I've thought about this for only like 10 seconds so forgive me if anything isn't feasible or sensible.
- get coverage on major free-to-air channels, even if this means selling the coverage stupidly cheap, nobody cares when it's buried on pay tv or obscure if free channels. This is how they completely killed the public interest in the sport over time.
- get rid of the power stage and broadcast 2 or 3 live stages at the START of the rally instead, like 2nd stage and 5th stage or something. Broadcasting the very last stage is dumb because by then the rally is almost always over, it's the nature of the thing. As a kid growing up watching the Rally Vinho da Madeira (local European Rally Championship event) it was always so exciting to wake up early the 1st day and watch the 2nd/3rd stages live as you were starting to learn who was quick and who wasn't, and the crazy-quick but crash-happy guys still hadn't crashed yet. The following day things almost always had settled and whilst there was still a stage or two on the TV, it was less exciting.
- more tarmac events. it should be something like 40% gravel 40% tarmac 20% snow. not 80% gravel 10% tarmac 10% snow as it is now. This made the championship all about gravel drivers, and thrown away the excitement of the randomness of results caused by drivers being specialists in one surface or the other.
- bring back the 1980s style of F1 points scoring, of dropping your worst X scores. Again this would favour the crash-happy crazy-quick specialists, instead of people that are boring but reasonably reliable in all surfaces.
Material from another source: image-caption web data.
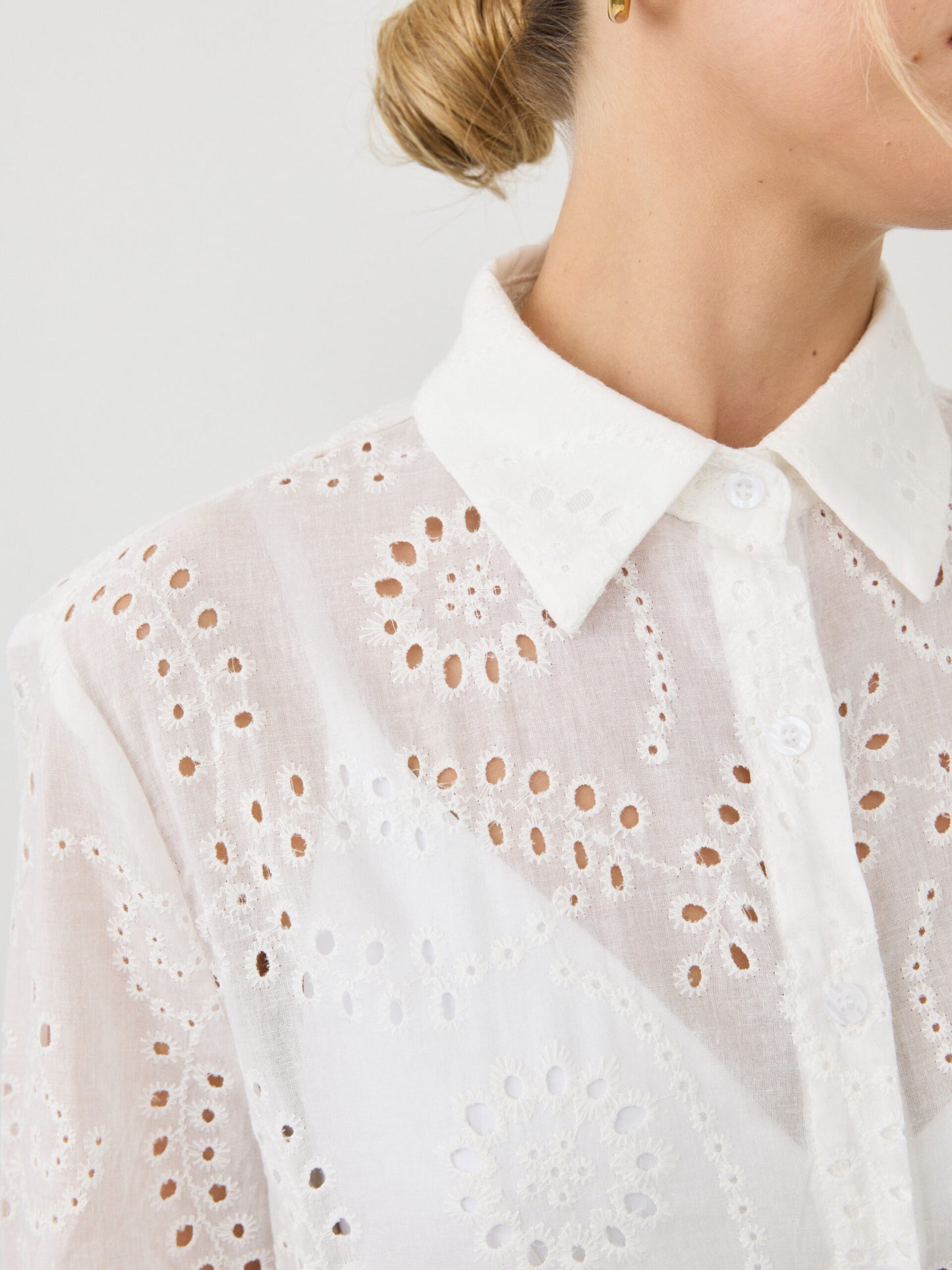 חולצה מכופתרת תחרה קריסטין | לבן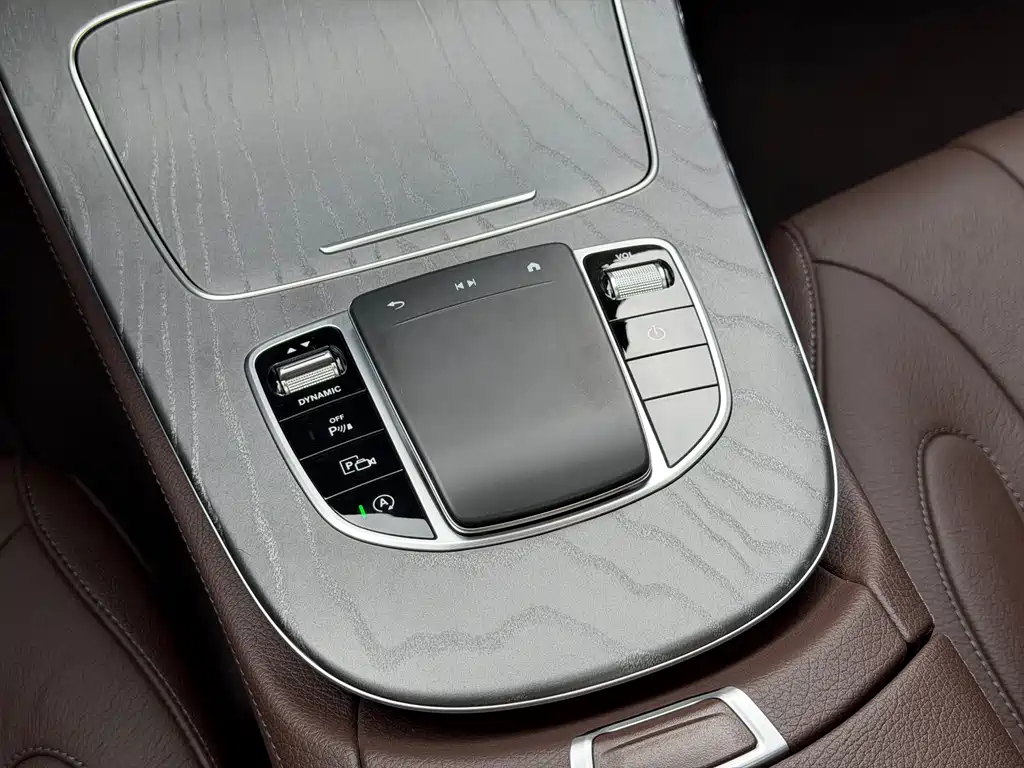 Mercedes-Benz CLS — фото 10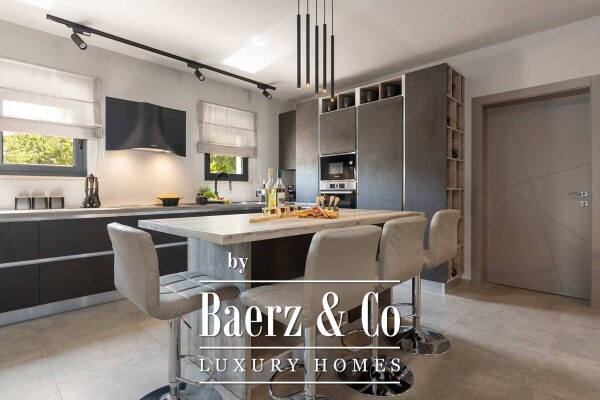 photo 9 Vižinada, a rustic villa with a pool and a panoramic view of the sea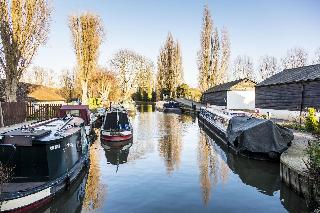 Roydon Marina Village otel fotoğrafı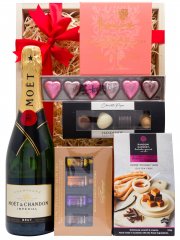 Romantic Night In - Champagne Gift Hamper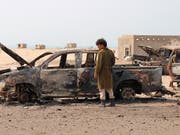Nach einem Luftangriff durch die Vereinigten Arabischen Emirate im südlichen Jemen. (Bild: KEYSTONE/AP/WAIL AL-QUBATY)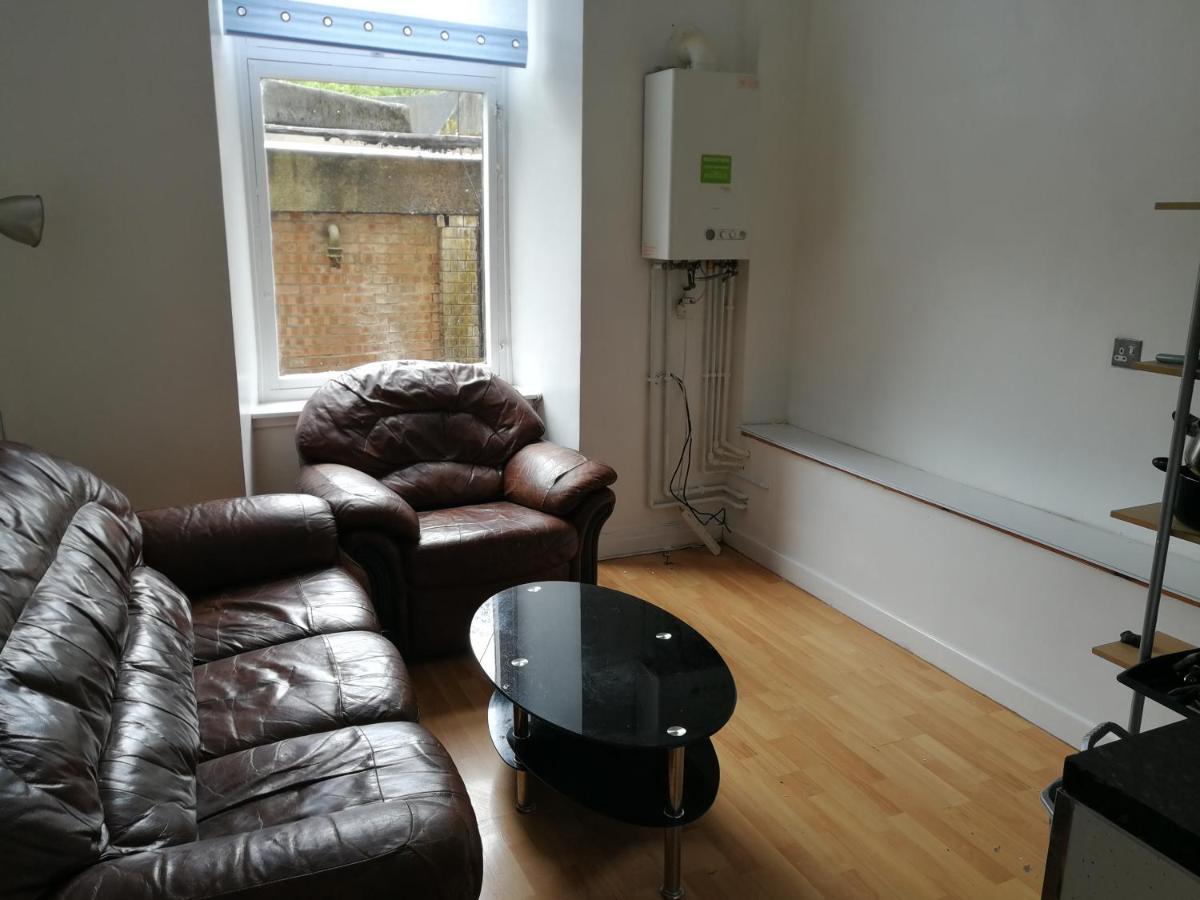 Budget Double Bedroom Near Glasgow City Centre And West End Εξωτερικό φωτογραφία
And maybe introduce more unreliability, it's so boring that you KNOW cars are almost guaranteed to last the whole event.
- maybe even be more aggressive with tyres, like F1 and circuit racing does. Limited sets of compounds, compounds that are too soft, that sort of thing. Make people work for their tyre strategy to introduce randomness in results.
- more night stages. They shouldn't necessarily be aired live as you can't see ****, but they make for spectacular onboard footage.
- cars that are more aggressive. No idea on how to achieve this, but maybe more power, more weight (to keep speeds in check). I don't mind hatchbacks, I mind boring hatchbacks. Remember the Peugeot 106s and 206s, they were cool as hell. Modern Hyundais are awful.
- MORE cars. I know we have 4 manufacturers now, so that's okay, but maybe mandate that to score for constructors you need to sell cars to privateers for decent fixed prices. And introduce a budget cap so that VW can't outspend everyone else to death. Worst case scenario I'm going to suggest something that's almost heresy and I completely hate in principle, but could keep competition close: a small amount of extra ballast for the constructor that won last years title. This would be slightly better than BOP or success ballast, as you still have real competition within constructors, and in-team team-mate battles remain truthful.
- don't ignore the other classes, promote them. As it is now WRC2, WRC3, Junior WRC, nobody cares about that crap and they barely get a mention in the coverage. The classes need to be uniformized so that the local drivers count towards these side championships instead of being completely ignored, this would hugely increase the number of cars in these classes too. Who gives a crap about WRC2 when it's a total of 3 or 4 cars of journeyman talentless rich guys, because the only ones who have the $ to do the whole calendar, and they're shielded from the much more competitive locals by being scored in a different category with perhaps slightly quicker cars. Sort that out.
- Promote grassroots competition all over the world in national championships, cheap cars, heavily promoted single-car trophies etc. This is how you promote talent, the reason we don't have more Ogiers is that there's not enough people doing rallying, and the few that are good enough don't get the chances to move up the ladder.